Semsiman calculation taking huge amout of time and resources

monarch-initiative / semsimian

Simple rust implementation of semantic similarity

BSD 3-Clause "New" or "Revised" License

8 stars 5 forks source link

Semsiman calculation taking huge amout of time and resources #115

Open souzadevinicius opened 9 months ago

souzadevinicius commented 9 months ago

I'm trying to calculate semantic similarity profiles using Phenio ontology comparing different term sets

HPxHP
HPxMP
HPxZP

HP term set: 17097 entries
MP term set: 13809 entries
ZP term set: 39373 entries

Ontology used: Phenio Library versions

semsimian                  0.2.11
oaklib                     0.5.24

command line execution example:

runoak --stacktrace -vvv  -i semsimian:sqlite:phenio-monarch.db similarity -p i \
--set1-file hp_terms.txt \
--set2-file hp_terms.txt \
--min-ancestor-information-content 4.0 \
--min-jaccard-similarity 0 \
--autolabel \
-O csv \
-o phenio-monarch-hp-hp.0.semsimian.tsv

I tried to run these experiments locally (32 and 64 GB RAM machines) and in a HPC (writing output process took more than one week and then was killed)

caufieldjh commented 9 months ago

One week, oof! I have previously been able to complete a very similar PHENIO HP vs MP on a GCloud instance with < 64 GB memory, though it did consume a lot of that resource. What kind of resource usage do you see with higher thresholds, like a min of 10 for AIC and 0.4 for Jaccard? The labeling can also consume a surprisingly large amount of resources and is very redundant for this sort of comparison, so I'd suggest dropping that parameter and mapping CURIEs to labels after the comparison is complete.

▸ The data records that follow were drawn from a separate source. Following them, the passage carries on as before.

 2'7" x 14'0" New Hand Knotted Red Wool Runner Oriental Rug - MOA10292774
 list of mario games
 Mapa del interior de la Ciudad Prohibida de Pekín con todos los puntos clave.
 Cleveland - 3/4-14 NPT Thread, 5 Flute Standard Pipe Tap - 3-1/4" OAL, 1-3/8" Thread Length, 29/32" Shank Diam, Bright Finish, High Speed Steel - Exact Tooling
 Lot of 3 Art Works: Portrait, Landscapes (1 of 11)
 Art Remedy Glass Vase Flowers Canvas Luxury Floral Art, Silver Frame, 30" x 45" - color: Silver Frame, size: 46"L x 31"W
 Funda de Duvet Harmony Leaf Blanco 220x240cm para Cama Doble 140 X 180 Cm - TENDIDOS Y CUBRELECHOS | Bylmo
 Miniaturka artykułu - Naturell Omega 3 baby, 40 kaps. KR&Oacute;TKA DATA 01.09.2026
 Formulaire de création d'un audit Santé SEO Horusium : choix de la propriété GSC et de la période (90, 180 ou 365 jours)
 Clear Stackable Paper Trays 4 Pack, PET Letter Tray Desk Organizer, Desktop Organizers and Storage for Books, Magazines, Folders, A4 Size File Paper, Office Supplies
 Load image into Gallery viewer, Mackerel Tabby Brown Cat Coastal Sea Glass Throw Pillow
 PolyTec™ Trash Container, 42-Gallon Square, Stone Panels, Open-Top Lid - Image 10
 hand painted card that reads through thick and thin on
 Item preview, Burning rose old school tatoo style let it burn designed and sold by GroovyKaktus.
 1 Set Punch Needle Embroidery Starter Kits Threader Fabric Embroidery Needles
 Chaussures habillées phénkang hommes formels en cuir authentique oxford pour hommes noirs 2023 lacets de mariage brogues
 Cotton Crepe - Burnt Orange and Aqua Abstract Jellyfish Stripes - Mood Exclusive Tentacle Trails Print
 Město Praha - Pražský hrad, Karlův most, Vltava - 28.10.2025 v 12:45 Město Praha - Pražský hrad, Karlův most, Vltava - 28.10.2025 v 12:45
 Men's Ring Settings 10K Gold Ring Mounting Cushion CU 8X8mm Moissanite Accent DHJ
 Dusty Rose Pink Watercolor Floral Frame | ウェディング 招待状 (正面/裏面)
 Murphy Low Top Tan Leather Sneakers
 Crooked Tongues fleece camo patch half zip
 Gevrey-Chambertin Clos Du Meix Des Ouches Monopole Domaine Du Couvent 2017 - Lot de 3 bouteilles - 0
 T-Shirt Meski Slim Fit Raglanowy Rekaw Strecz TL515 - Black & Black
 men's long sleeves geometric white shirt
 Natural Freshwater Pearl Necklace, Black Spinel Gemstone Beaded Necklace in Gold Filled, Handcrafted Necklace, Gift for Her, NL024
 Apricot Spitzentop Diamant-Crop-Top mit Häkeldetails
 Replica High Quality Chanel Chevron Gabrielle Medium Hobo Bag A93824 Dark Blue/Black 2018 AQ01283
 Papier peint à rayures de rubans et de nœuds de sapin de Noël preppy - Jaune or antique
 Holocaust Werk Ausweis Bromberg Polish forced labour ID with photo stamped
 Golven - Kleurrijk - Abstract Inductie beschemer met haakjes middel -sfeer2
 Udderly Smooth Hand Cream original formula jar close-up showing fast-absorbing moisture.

matentzn commented 9 months ago

@souzadevinicius lets try a 0.4 Jaccard threshold and removing the labelling options and see if that makes it at least possible to run HP-ZP

souzadevinicius commented 8 months ago

@souzadevinicius lets try a 0.4 Jaccard threshold and removing the labelling options and see if that makes it at least possible to run HP-ZP

cmungall commented 7 months ago

what's the status of this?

justaddcoffee commented 7 months ago

Discussing in the MWF hackathon now

We were thinking we would deploy semsimian/oak on our build server and run on a regular cadence. This way we have an objective measure of how much memory/time we are talking about here, and we can also emit a new artifact with a PURL so people can use this downstream.

@caufieldjh perhaps we already have a repo to do this?

justaddcoffee commented 7 months ago

Ah okay, Harry has already made a repo for this here

hrshdhgd commented 7 months ago

Sorry I'm a little late to the party but @souzadevinicius , did you run this without --autolabel or specify --no-autolabel? Just to get an idea how fast it'll be.

justaddcoffee commented 7 months ago

The last build in Aug '23 took 1h and 18m.

Sorry I'm a little late to the party but @souzadevinicius , did you run this without --autolabel or specify --no-autolabel? Just to get an idea how fast it'll be.

Yep good question @hrshdhgd

Harry says a previous build with auto-label turned on took 15h so this might be at least one thing that is slowing down Vinicius's run

caufieldjh commented 7 months ago

Note that the Jenkins build performed by that repo takes a bit over 1 hr without autolabel and ~15 hrs w/ autolabel.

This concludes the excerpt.